I am very new in the deep learning and currently training a T5 model available here Einmalumdiewelt/T5-Base_GNAD · Hugging Face.
It aims to summarize texts.
I have read that the T5 models by default have a cross entropy function, but for specific tasks such as generating texts it must be negative log likehood loss function. There is no documentation about it and I am struggling to know which one I am using !
Do you have any idea about what this loss function could be ?
Thanks by advance !
Cross entropy loss and negative log-likelihood loss are almost the same thing conceptually and are often used interchangeably. The practical difference is just whether or not your model has a
LogSoftmax layer at the end (to convert logits to log probs) or whether you do that inside the loss function itself.
In PyTorch, CrossEntropyLoss is equal to
NLLLoss, so you should use CrossEntropyLoss if the model outputs have not been converted into log probs.

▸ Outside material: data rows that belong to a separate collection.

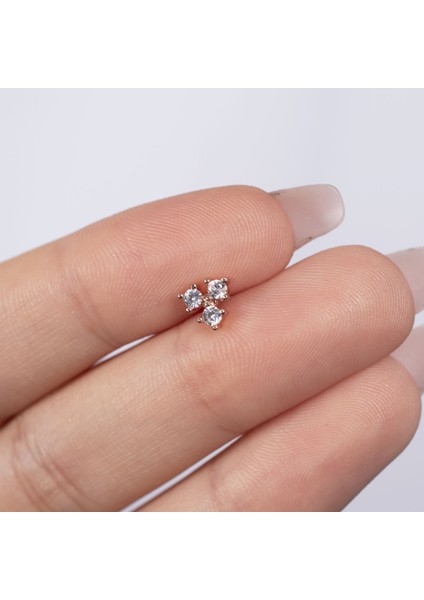 Üçgen Taşlı Rose Renkli Çelik Tragus Küpe NUR-KE03277 fiyatları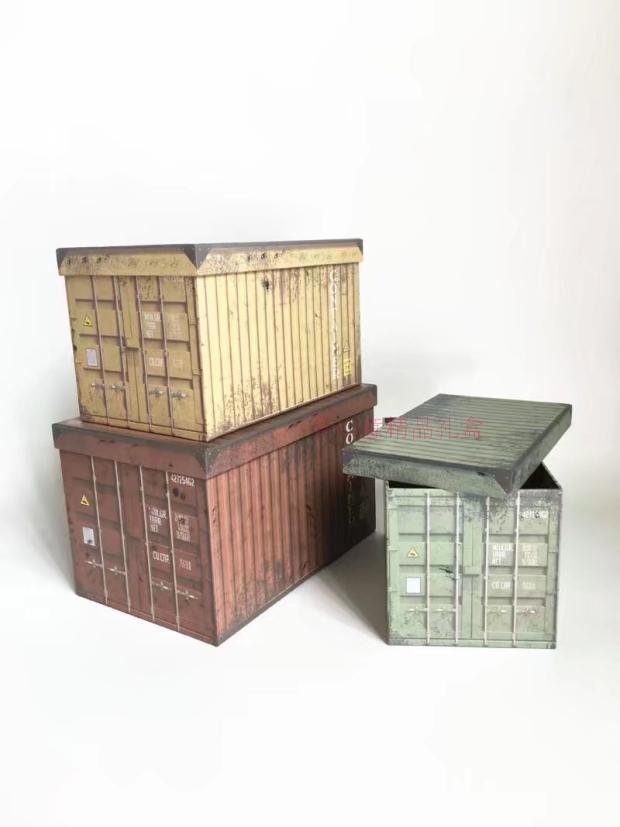 Retro creative rectangular box three piece gift box, simulation container model paper box4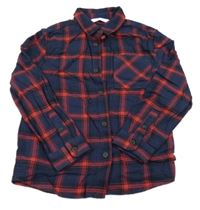 Tmavomodro-červeno-černá kostkovaná košile M&S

On the other hand, NLLLoss assumes the model outputs have already been fed through a LogSoftmax layer. As the docs say:
Obtaining log-probabilities in a neural network is easily achieved by adding a LogSoftmax layer in the last layer of your network. You may use CrossEntropyLoss instead, if you prefer not to add an extra layer.
In the Huggingface T5 implementation, the logits are not passed through a
LogSoftmax at the end (eg see here), so when using Huggingface you want to just use CrossEntropyLoss.